### Dataset entries ###
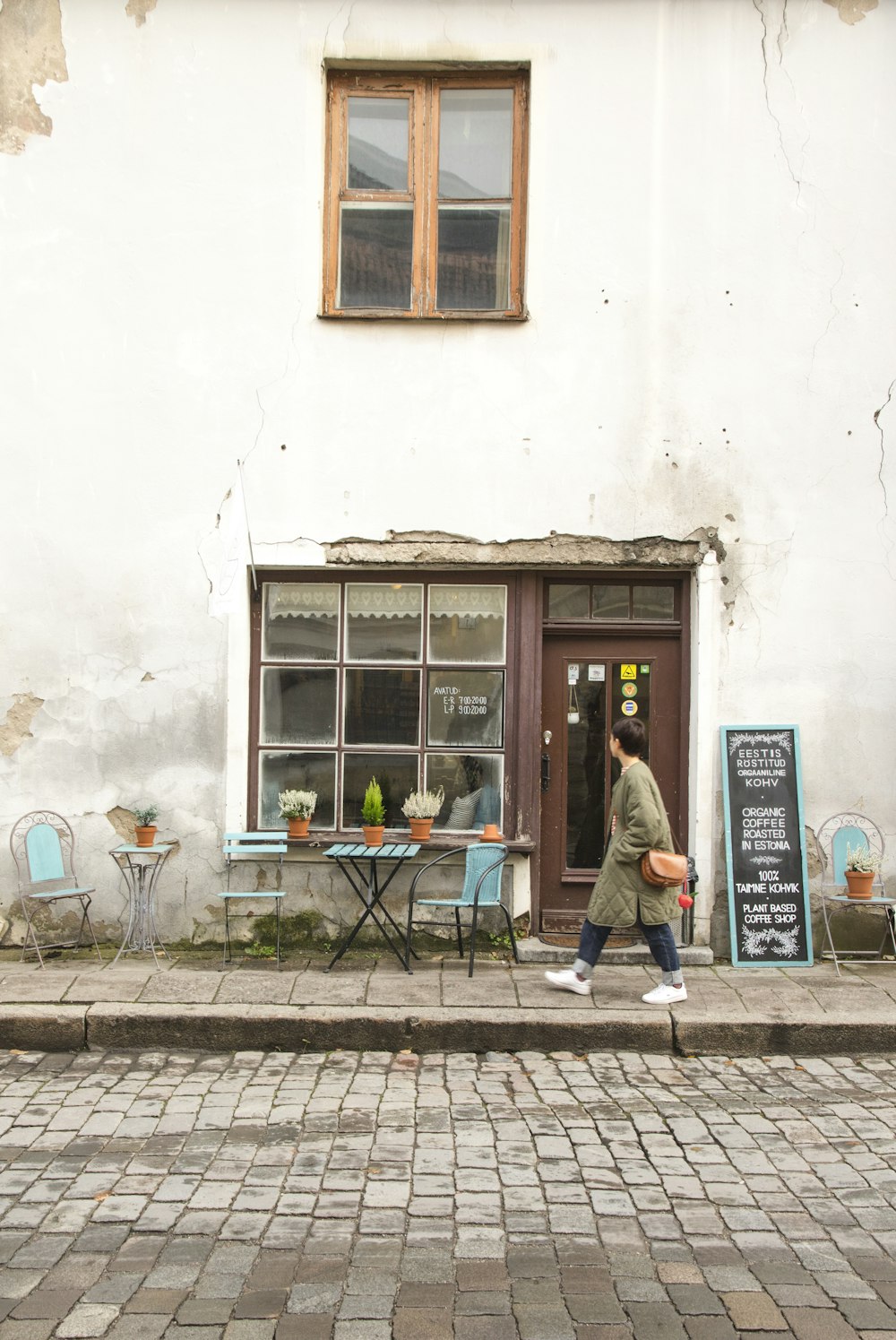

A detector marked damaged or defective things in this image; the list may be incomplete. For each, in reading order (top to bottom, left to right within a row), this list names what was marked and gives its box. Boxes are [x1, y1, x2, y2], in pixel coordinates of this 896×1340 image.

peeling paint on wall [125, 0, 158, 28]
peeling paint on wall [819, 0, 878, 22]
peeling paint on wall [0, 0, 68, 156]
cracked plaster wall [1, 2, 894, 943]
peeling paint on wall [0, 696, 44, 761]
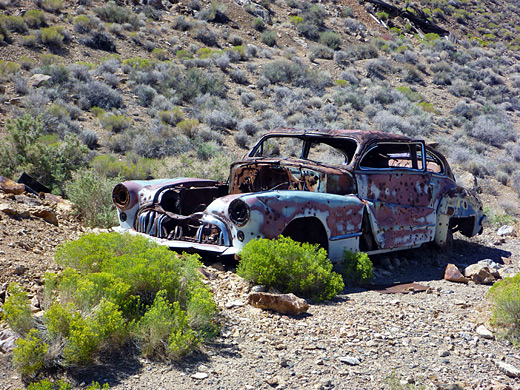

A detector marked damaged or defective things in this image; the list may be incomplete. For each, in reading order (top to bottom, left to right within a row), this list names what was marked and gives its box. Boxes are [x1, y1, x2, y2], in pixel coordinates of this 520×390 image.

abandoned car [111, 128, 486, 262]
rusted car body [111, 129, 486, 262]
broken car body [111, 129, 486, 262]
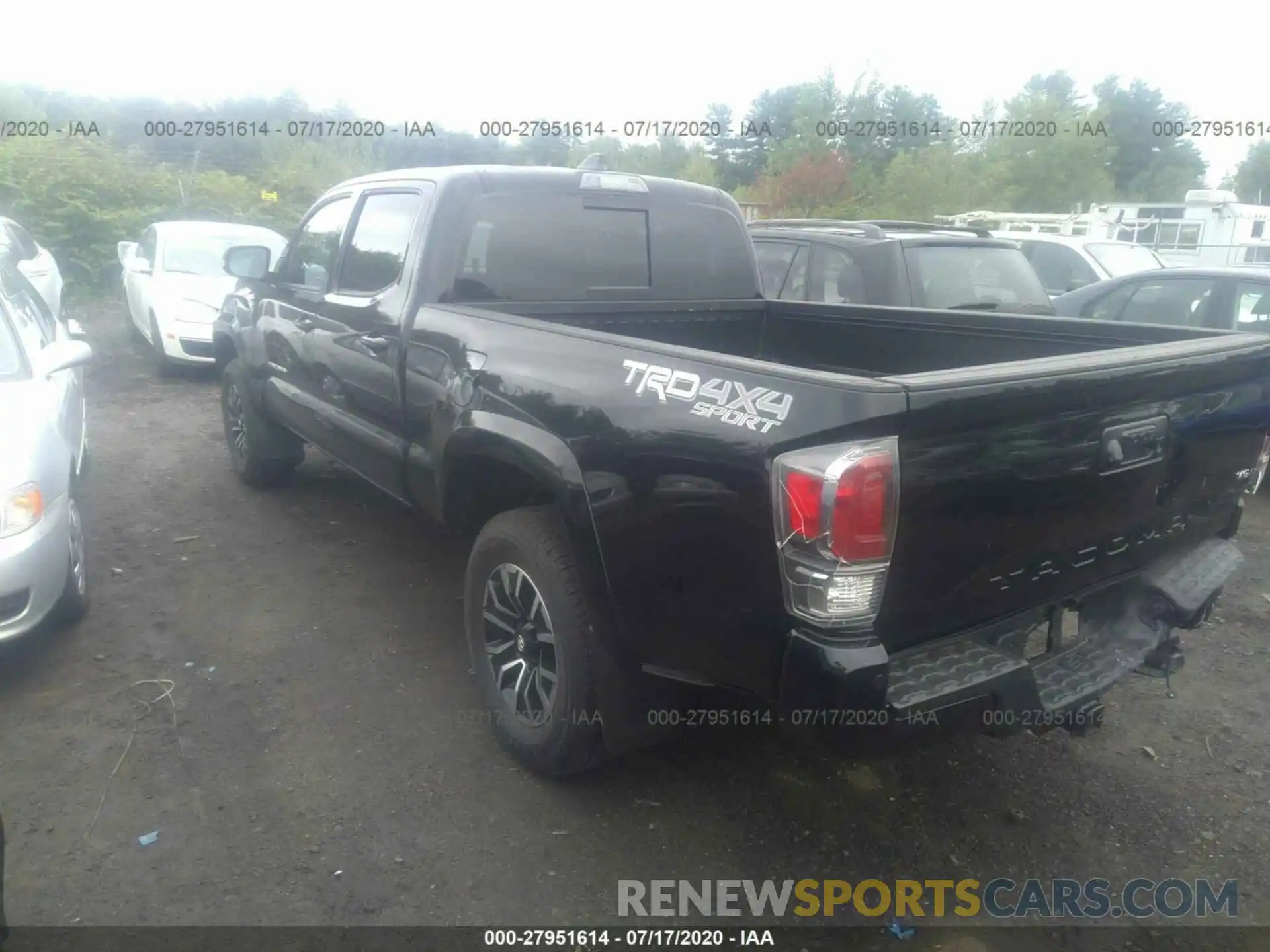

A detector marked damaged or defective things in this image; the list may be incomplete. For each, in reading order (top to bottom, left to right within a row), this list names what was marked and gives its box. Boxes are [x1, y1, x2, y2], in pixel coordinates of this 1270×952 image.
###
Images must not appear in the copy; reproduce everything else in the records verbatim.

A detector marked damaged or defective things in this image; the list may be incomplete. For each, in reading order (top to bottom, left to right within a row), this list names what was marked and gives its box. Boxes are [x1, y1, x2, y2], in pixel coordinates of this 896×1340 image.

peeling paint on wall [125, 0, 158, 28]
peeling paint on wall [819, 0, 878, 22]
peeling paint on wall [0, 0, 68, 156]
cracked plaster wall [1, 2, 894, 943]
peeling paint on wall [0, 696, 44, 761]

A detector marked damaged or defective things in this image; the list may be incomplete. For each, in reading order (top to bottom, left to right within a row), this list names what was marked and gives its box. Boxes are [x1, y1, x2, y2], in pixel coordinates of this 520×390 image.

abandoned car [111, 128, 486, 262]
rusted car body [111, 129, 486, 262]
broken car body [111, 129, 486, 262]

A detector marked damaged or defective things in this image; the list may be incomplete. For each, in reading order (top to bottom, left to right within a row), this list names what was marked and gives its box. Boxes are [x1, y1, x2, y2], in pixel coordinates of this 1270×952 image.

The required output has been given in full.